For many around the world, John F. Kennedy is still the epitome of young, dynamic leadership. His first one hundred days is still remembered as an example of how to hit the ground running and show the voters that a new guy is in charge and change is happening.
I think I'm right in saying that it was actually FDR and not JFK who first coined the '100 days' phrase in US politics. In his case, back in the 1930s, Roosevelt had already delivered the basis of the New Deal to get America out of recession. So nobody could accuse him of hanging around. Now leaders across the world are expected to show what they've done with their own first 100 days.
In France, President Francois Hollande has just passed his, after his victory over Nicholas Sarkozy. Hollande has delivered on many of his campaign promises. Higher taxes for the rich, pulling French troops out of Afghanistan and even cutting his own salary. And yet more than half the French think their country is changing for the worse. A majority doubted if Hollande could solve the country's biggest problems, including massive public debts, high unemployment and some riots earlier this week. He's not alone is discovering that in the current state of the world economy, political honeymoons are over before the victory champagne has gone flat.

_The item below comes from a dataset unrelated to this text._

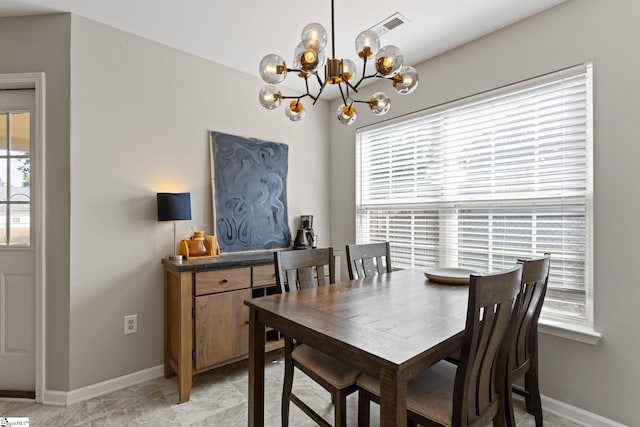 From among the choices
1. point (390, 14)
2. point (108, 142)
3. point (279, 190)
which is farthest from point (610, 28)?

The truth is that no new leader of left or right can sweep to power and wave some kind of economic magic wand. That may mean that around the globe, democratic leaders will have to get used to the idea that they may get just one term before being rejected as failures. Or - and this is Barack Obama's big hope - it may be that voters will wise up to the fact that bold promises of radical change on the campaign trail are pretty much meaningless. It's the antithesis of the way Obama campaigned himself four years ago, of course, but
the message 'don't let anybody kid you there's an easy way out of this mess' may well resonate with a lot of voters.
I'm not saying that election promises don't matter and there's no real choice. I think you are facing a very stark choice in America in November. But in the US, as elsewhere, be prepared to accept that after 100 days, whoever you elect is more likely to be perceived as a disappointment than a saviour.
This is Lance Price for CBS News in London.